Problem details: Without copying the images, write out all the entries below verbatim.

+++ Given entries

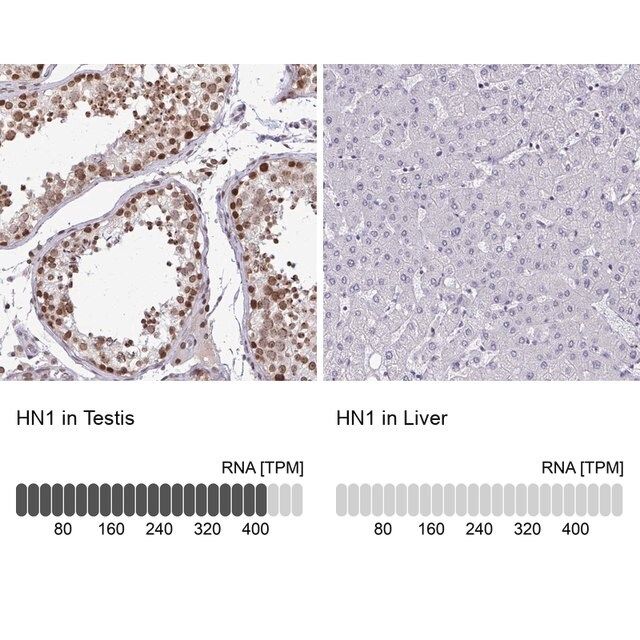 Anti-HN1 antibody produced in rabbit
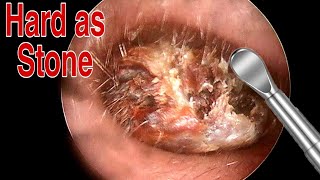 BIGGEST Ear Wax Difficult Removal  EP2  Doctor Anh [upl. by Lorusso]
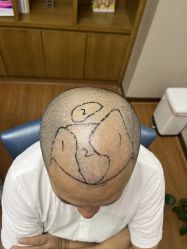 -大麦微针植发全国连锁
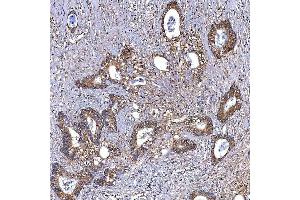 IHC analysis of TRMT2B using anti-TRMT2B antibody (ABIN7599456). (TRMT2B anticorps  (AA 1-504))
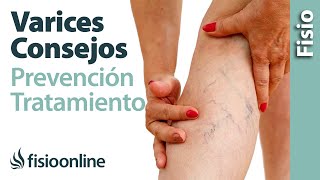 Mala circulación y varices  10 consejos para su prevención y tratamiento [upl. by Gnut535]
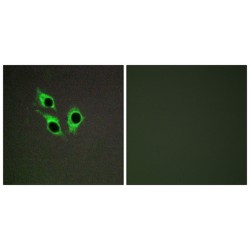 Transmembrane Protein 16J (TM16J) Antibody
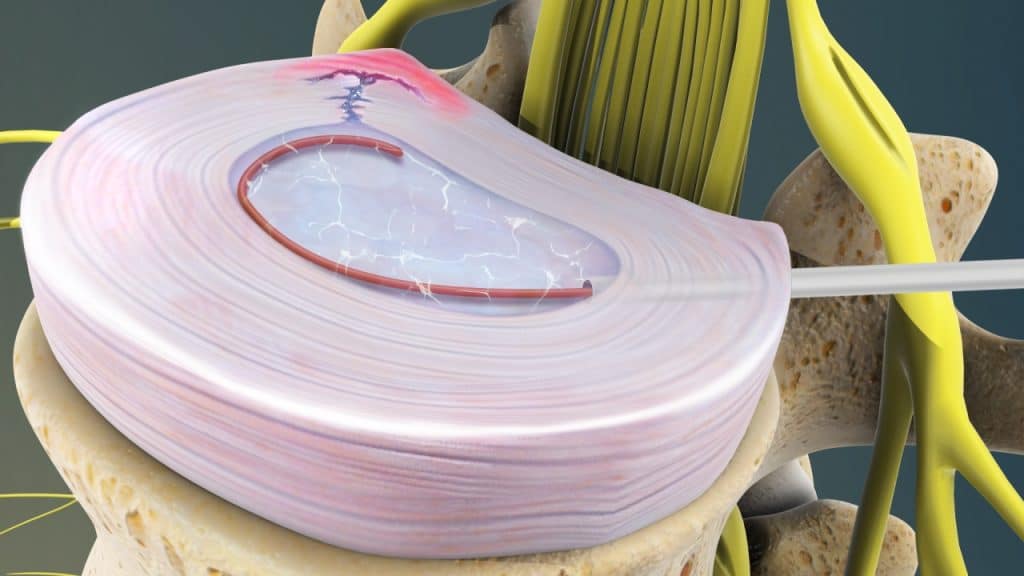 Intradiskale elektrothermale Therapie (Einführung der Radiofrequenzsonde über die Kanüle)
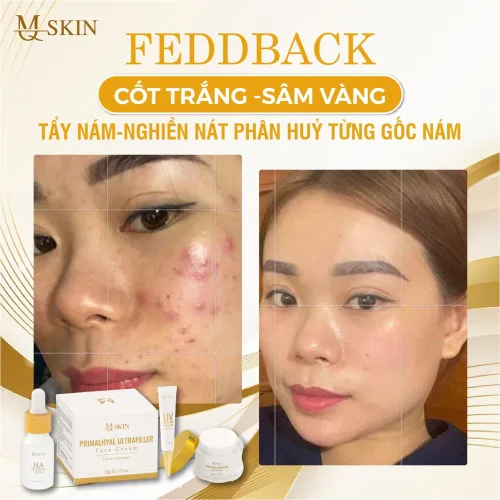 Chỗ sỉ combo Kem Face Sâm Vàng MQ Skin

++++++

Task result:
 Anti-HN1 antibody produced in rabbit
 BIGGEST Ear Wax Difficult Removal  EP2  Doctor Anh [upl. by Lorusso]
 -大麦微针植发全国连锁
 IHC analysis of TRMT2B using anti-TRMT2B antibody (ABIN7599456). (TRMT2B anticorps  (AA 1-504))
 Mala circulación y varices  10 consejos para su prevención y tratamiento [upl. by Gnut535]
 Transmembrane Protein 16J (TM16J) Antibody
 Intradiskale elektrothermale Therapie (Einführung der Radiofrequenzsonde über die Kanüle)
 Chỗ sỉ combo Kem Face Sâm Vàng MQ Skin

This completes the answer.